[Goal of the exercise] Leaving out the pictures, return word for word the stretch of entries below from the line holding "Bague bombée graphique" through the line holding "Micoson Womens Christmas".

[Dataset entries]
════════
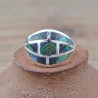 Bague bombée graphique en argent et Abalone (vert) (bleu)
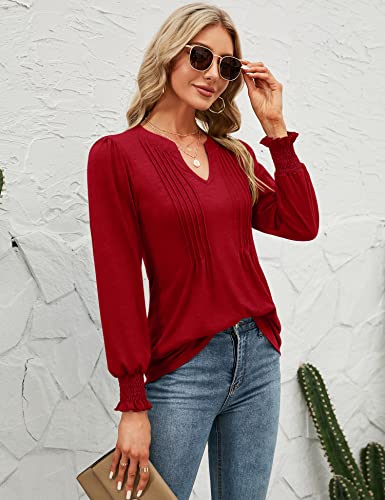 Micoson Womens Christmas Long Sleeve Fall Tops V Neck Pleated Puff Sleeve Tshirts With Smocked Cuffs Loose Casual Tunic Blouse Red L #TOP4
════════
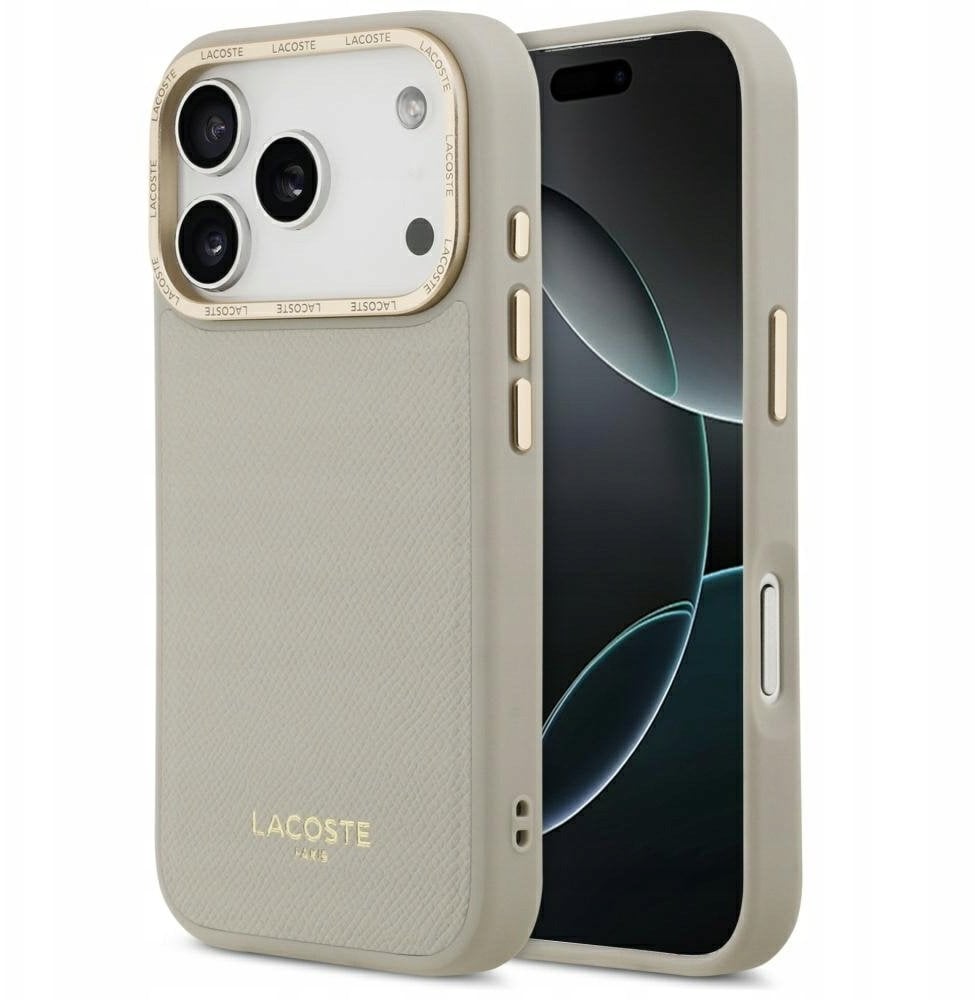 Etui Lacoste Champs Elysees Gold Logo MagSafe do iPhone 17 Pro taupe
════════
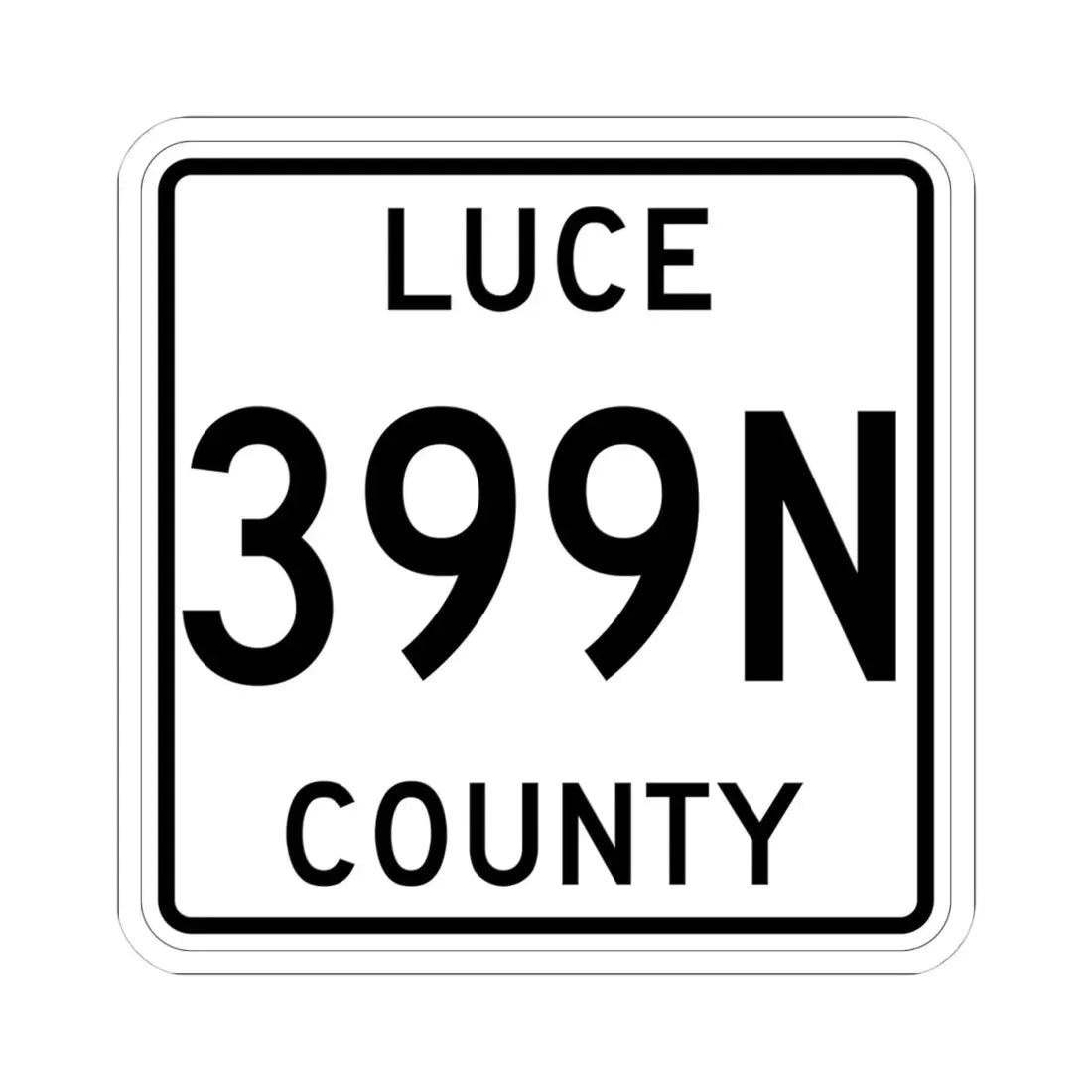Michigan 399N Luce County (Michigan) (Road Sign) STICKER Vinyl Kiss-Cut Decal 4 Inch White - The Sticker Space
════════
[Exercise result]
 Bague bombée graphique en argent et Abalone (vert) (bleu)
 Micoson Womens Christmas Long Sleeve Fall Tops V Neck Pleated Puff Sleeve Tshirts With Smocked Cuffs Loose Casual Tunic Blouse Red L #TOP4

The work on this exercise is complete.